Work instruction> The answer should be an exact repeat of the stretch of material below from the line containing "Small Gold Cat" through the line containing "Rupert Murdoch und".

Data provided>

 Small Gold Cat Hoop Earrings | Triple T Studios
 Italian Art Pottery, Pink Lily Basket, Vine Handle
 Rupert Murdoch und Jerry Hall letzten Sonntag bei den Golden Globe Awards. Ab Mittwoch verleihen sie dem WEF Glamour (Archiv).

* * *

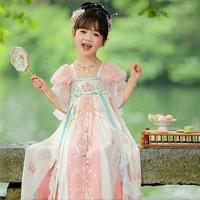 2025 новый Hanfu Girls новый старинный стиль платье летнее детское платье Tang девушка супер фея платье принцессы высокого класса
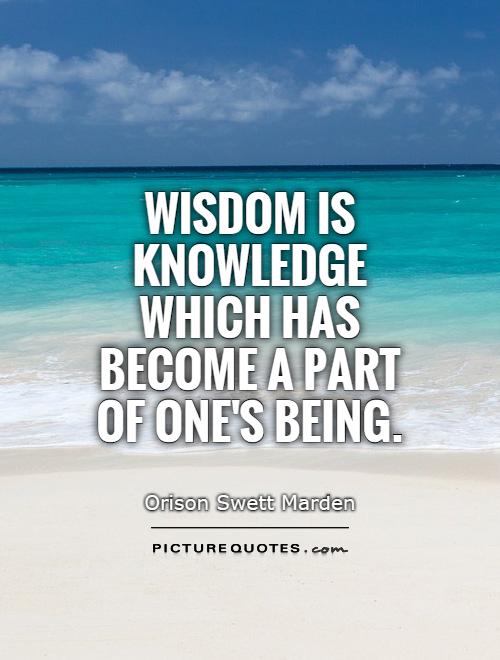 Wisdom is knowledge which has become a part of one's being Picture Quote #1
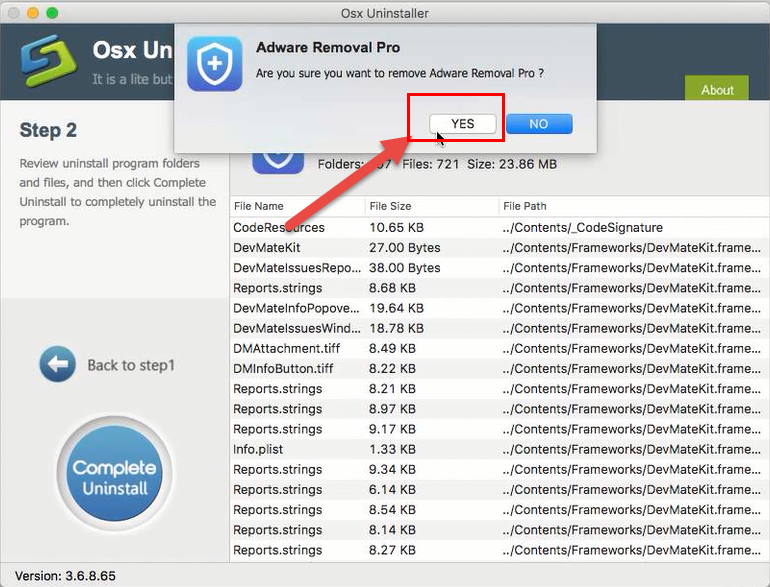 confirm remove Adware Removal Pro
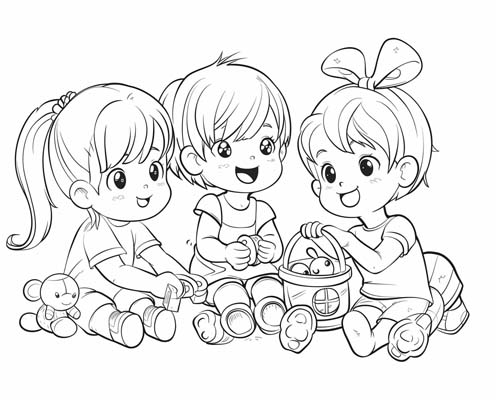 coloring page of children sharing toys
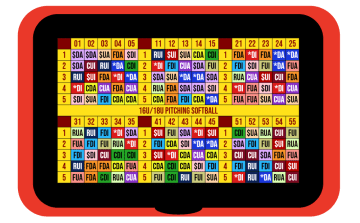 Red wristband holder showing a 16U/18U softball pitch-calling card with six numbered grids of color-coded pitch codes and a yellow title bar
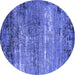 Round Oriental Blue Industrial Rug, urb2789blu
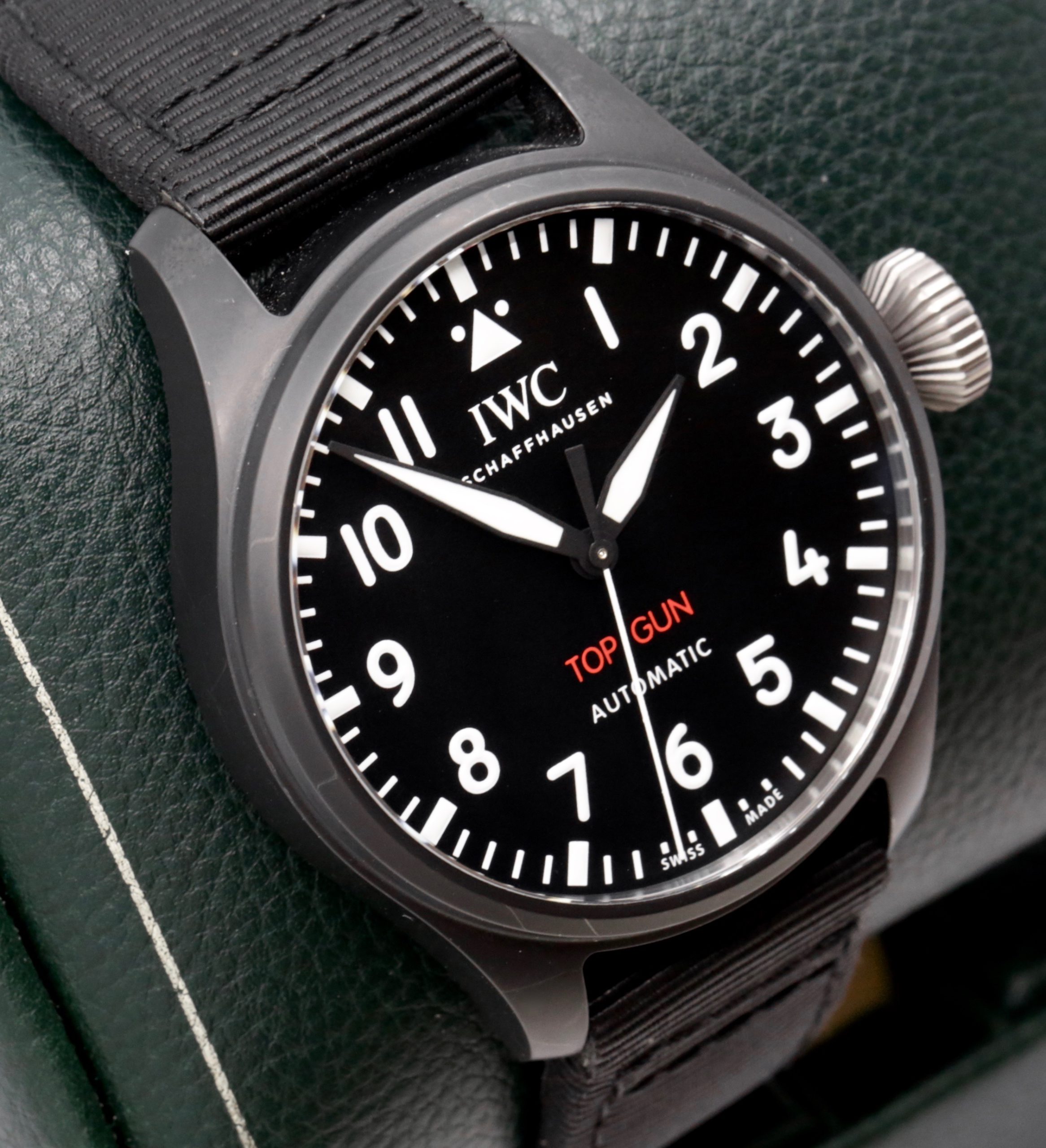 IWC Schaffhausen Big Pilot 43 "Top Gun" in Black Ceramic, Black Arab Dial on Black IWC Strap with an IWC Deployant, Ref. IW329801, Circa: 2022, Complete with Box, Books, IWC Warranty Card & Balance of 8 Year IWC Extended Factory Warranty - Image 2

Task response>
 Small Gold Cat Hoop Earrings | Triple T Studios
 Italian Art Pottery, Pink Lily Basket, Vine Handle
 Rupert Murdoch und Jerry Hall letzten Sonntag bei den Golden Globe Awards. Ab Mittwoch verleihen sie dem WEF Glamour (Archiv).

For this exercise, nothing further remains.